Task
Given a binary search tree (BST) with duplicates, find all the mode(s) (the most frequently occurred element) in the given BST.
Assume a BST is defined as follows:
- The left subtree of a node contains only nodes with keys less than or equal to the node’s key.
- The right subtree of a node contains only nodes with keys greater than or equal to the node’s key.

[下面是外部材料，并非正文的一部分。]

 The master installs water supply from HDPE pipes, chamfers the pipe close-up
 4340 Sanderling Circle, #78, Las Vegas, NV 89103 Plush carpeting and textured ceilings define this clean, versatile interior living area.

-Both the left and right subtrees must also be binary search trees.
Examples
For example:
Given BST [1,null,2,2],
return [2].
Note: If a tree has more than one mode, you can return them in any order.
Follow up: Could you do that without using any extra space? (Assume that the implicit stack space incurred due to recursion does not count).
Solution
- 查找BST中出现次数最多的元素,使用中序遍历,问题转化为:遍历一个升序数组,只需在每看到新值时对其计数。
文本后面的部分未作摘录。